A prolific American designer, inventor and futurist dubbed by many as the father of streamlining – Bel Geddes’s sleek and practical designs helped to shape the image of modern America, from household objects to hypothetical amphibious cars and floating airports.
Called everything from “the Grand Master of Modernism,” “Inventor of the Jet Age” and “little Leonardo” to “the P.T. Barnum of industrial design” – Bel Geddes laid the groundwork for 20th century design – and his influence is rife around the world today. Your auto appliances, even the psychological use of sound in the film or play you just saw, can be traced back to his influence.
A ninth-grade dropout from a small town in the USA, Bel Geddes (1893-1958) began as a highly successful art director, spent years revolutionising Broadway – the sets, lighting, scenery, even the conguration of the theatres themselves – and then set off for his third career.

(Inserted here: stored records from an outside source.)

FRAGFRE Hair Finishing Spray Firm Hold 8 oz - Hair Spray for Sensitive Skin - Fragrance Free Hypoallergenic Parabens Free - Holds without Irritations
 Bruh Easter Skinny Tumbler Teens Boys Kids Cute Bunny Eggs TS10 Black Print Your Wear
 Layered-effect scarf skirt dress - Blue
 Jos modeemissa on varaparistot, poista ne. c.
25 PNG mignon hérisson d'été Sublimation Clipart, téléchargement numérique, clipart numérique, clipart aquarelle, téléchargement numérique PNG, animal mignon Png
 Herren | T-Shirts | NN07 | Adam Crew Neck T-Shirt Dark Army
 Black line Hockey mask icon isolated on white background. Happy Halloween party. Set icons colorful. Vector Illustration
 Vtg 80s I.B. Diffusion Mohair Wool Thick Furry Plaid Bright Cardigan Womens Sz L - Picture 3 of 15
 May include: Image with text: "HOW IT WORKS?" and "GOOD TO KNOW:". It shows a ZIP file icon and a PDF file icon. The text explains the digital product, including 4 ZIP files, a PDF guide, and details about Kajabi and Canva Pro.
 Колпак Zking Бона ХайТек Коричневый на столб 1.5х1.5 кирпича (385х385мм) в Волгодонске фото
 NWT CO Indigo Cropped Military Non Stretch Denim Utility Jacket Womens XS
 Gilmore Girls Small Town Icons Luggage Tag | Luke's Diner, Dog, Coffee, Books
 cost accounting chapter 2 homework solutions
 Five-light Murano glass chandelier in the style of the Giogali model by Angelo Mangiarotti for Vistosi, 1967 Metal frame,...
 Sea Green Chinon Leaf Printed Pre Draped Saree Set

In 1927, recognising that industry was “the defining spirit... the driving force” of the age, he opened the first of office dedicated to the melding of art and commerce; it was the start of a new profession that eventually became known as industrial design.
Manhattan skyscraper-shaped cocktail set in chrome-plated brass, designed in 1934, and manufactured by Revere Copper and Brass Co. Cocktails were an important part of American culture throughout the 20th century. In the late 1970s and early 80s for example, television shows like Dallas and Dynasty used cocktails as punctuation for plotlines. (Incidentally, Ellie Ewing was played by Norman’s daughter - Barbara Bel Geddes!)